__Dataset entries__

★ ★ ★

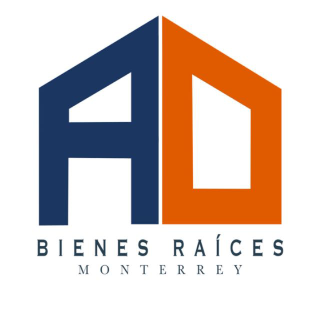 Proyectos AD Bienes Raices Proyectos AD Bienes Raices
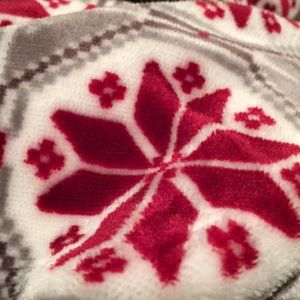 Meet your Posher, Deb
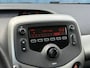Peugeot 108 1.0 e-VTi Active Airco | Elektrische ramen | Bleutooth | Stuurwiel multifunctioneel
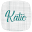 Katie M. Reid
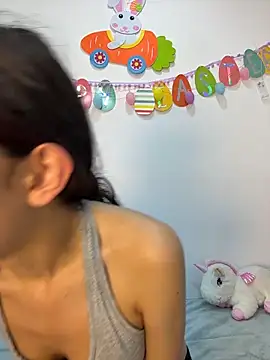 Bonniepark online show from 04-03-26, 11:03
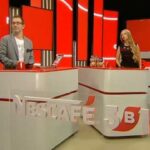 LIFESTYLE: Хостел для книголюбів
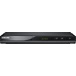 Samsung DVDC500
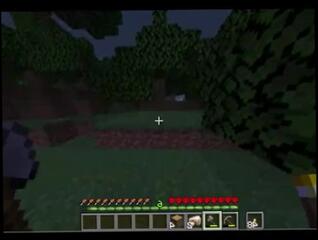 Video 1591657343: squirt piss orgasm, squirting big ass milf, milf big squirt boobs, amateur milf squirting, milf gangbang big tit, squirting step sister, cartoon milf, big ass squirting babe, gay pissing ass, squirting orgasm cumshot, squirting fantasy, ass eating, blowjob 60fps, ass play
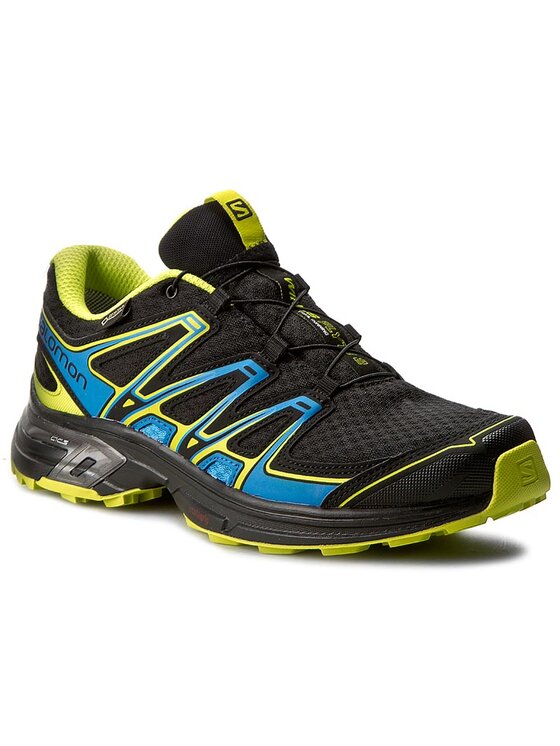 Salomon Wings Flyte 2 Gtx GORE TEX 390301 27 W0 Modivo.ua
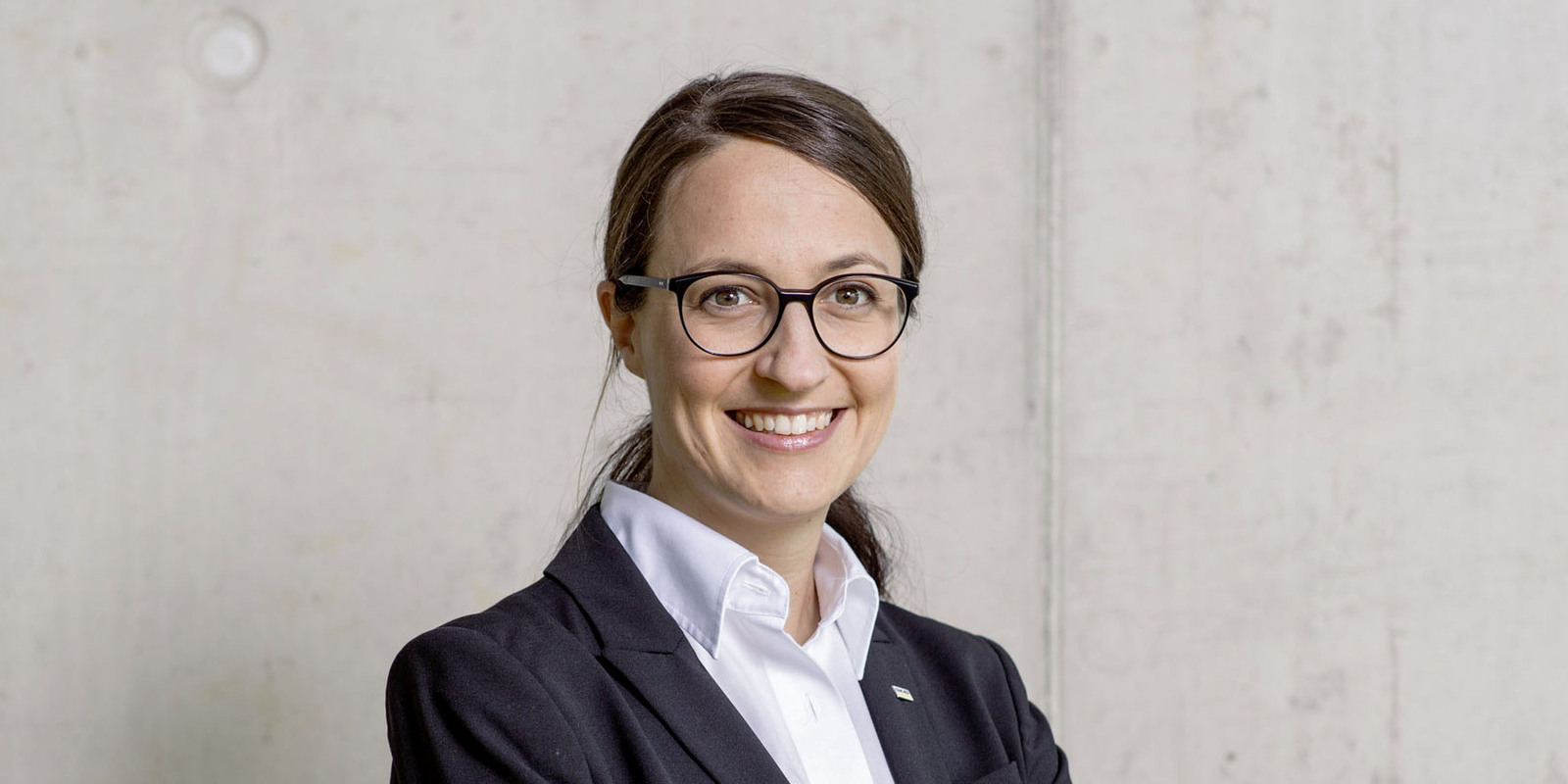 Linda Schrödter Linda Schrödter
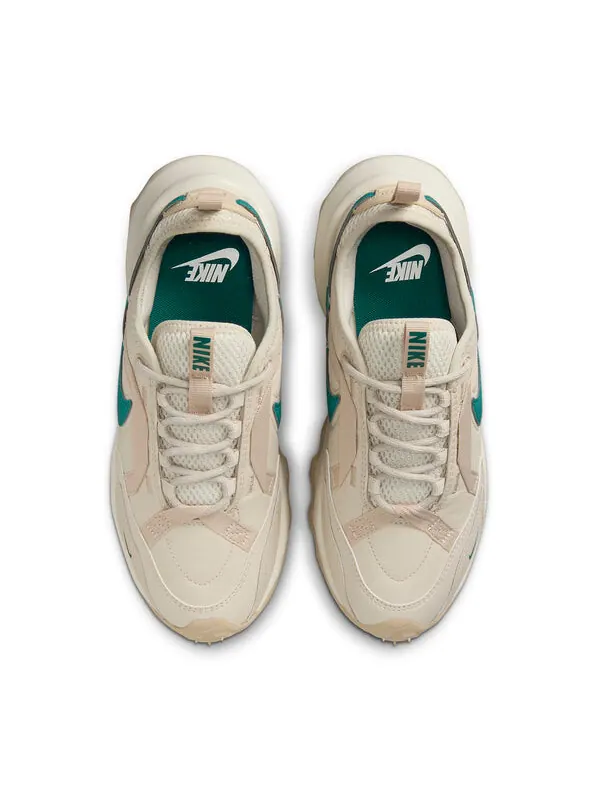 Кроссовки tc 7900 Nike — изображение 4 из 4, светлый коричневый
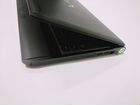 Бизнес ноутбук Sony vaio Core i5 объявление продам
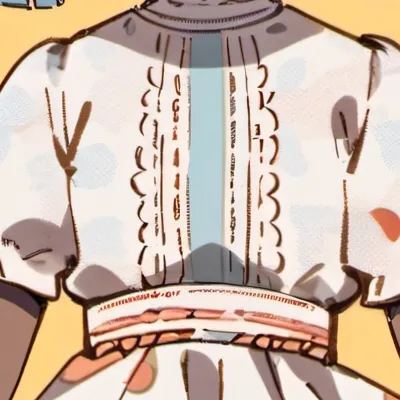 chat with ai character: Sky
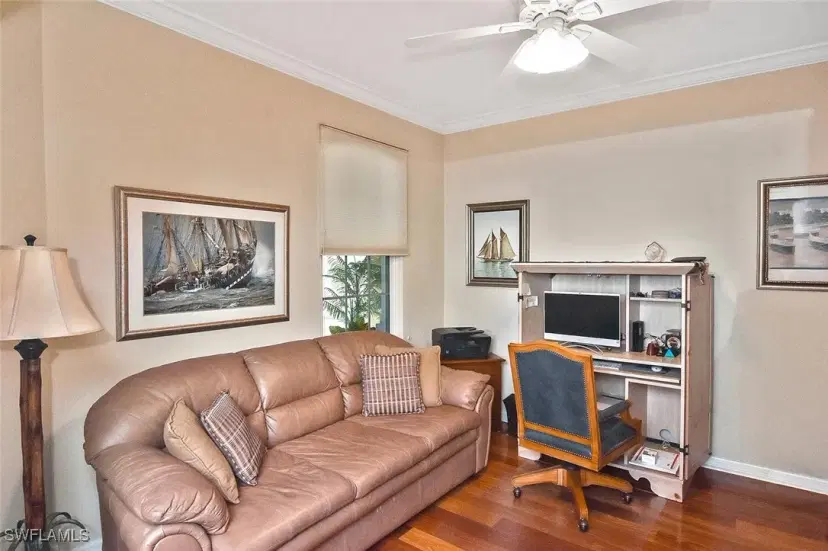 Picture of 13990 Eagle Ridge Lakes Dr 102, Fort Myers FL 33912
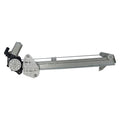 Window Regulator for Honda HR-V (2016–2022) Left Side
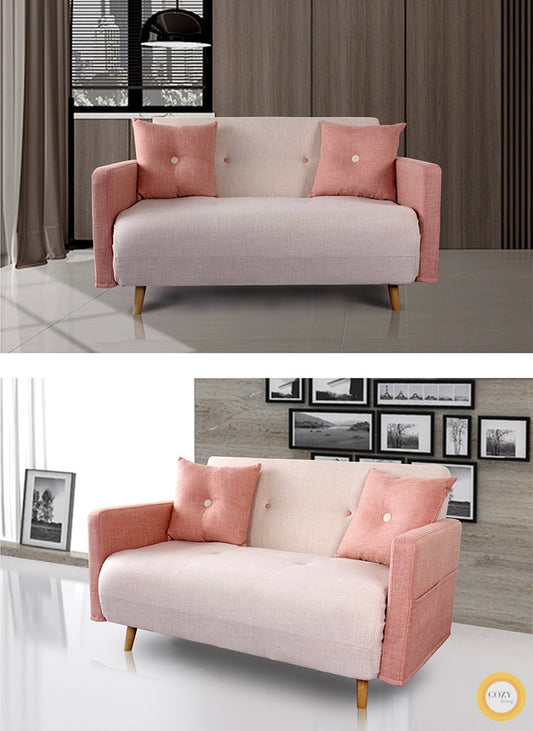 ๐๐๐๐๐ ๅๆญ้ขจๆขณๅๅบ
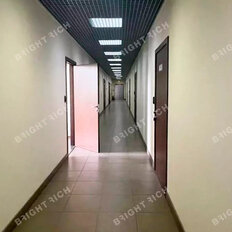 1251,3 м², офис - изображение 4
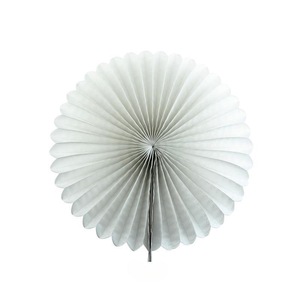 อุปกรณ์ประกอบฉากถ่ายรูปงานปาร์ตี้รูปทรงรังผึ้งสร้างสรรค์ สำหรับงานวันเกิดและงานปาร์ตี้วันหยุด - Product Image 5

★ ★ ★

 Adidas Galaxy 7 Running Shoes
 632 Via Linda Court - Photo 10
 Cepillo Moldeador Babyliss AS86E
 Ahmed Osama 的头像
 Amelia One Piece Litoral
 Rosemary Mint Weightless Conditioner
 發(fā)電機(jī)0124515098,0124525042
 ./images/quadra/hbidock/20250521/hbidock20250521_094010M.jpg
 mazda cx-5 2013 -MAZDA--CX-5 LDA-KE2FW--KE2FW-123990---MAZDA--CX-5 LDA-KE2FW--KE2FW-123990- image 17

★ ★ ★

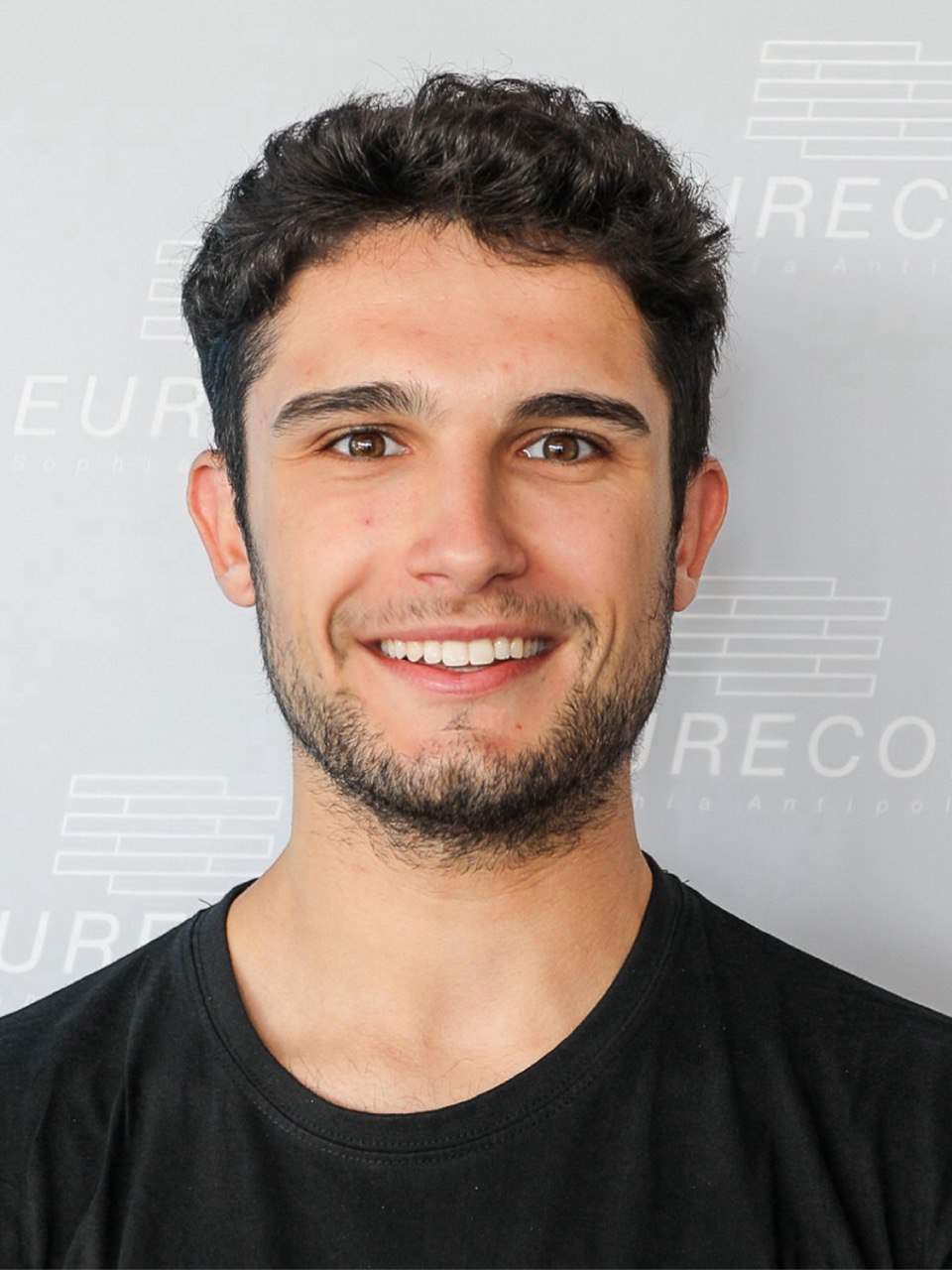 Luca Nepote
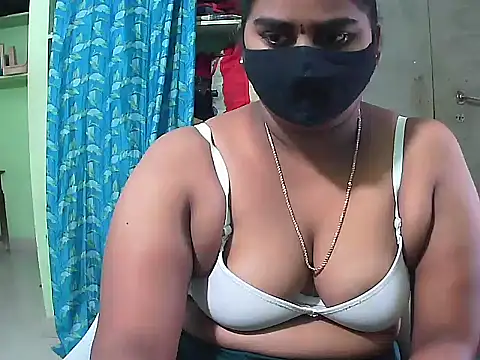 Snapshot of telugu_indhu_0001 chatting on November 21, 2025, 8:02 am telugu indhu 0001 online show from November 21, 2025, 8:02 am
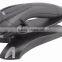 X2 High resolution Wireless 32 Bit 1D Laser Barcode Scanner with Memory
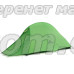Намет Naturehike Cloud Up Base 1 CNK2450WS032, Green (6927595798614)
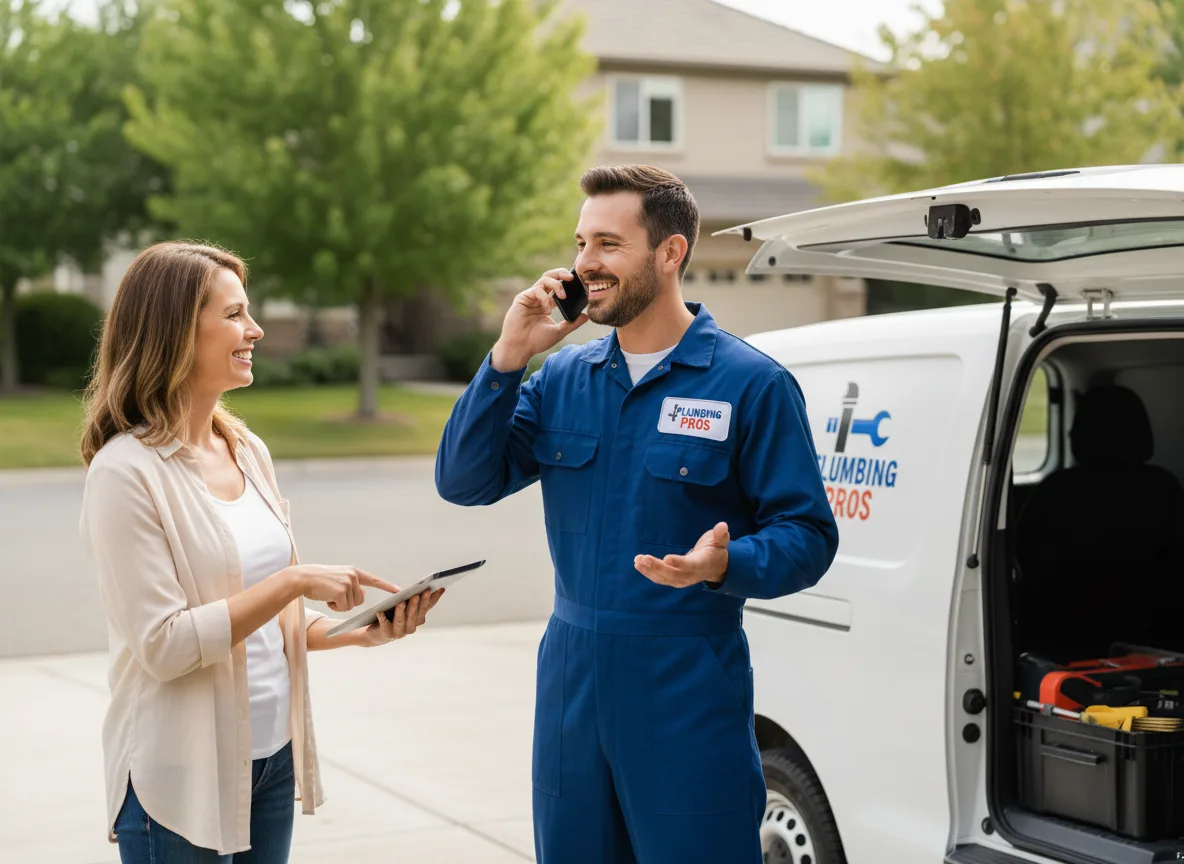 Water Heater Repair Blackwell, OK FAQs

★ ★ ★

__Instructions to follow__
Output only the stretch above from the line with "Бизнес ноутбук Sony" through the line with "1251,3 м², офис - изображение 4", reproduced exactly. Exclude pictures.

__Result of the exercise__
 Бизнес ноутбук Sony vaio Core i5 объявление продам
 chat with ai character: Sky
 Picture of 13990 Eagle Ridge Lakes Dr 102, Fort Myers FL 33912
 Window Regulator for Honda HR-V (2016–2022) Left Side
 ๐๐๐๐๐ ๅๆญ้ขจๆขณๅๅบ
 1251,3 м², офис - изображение 4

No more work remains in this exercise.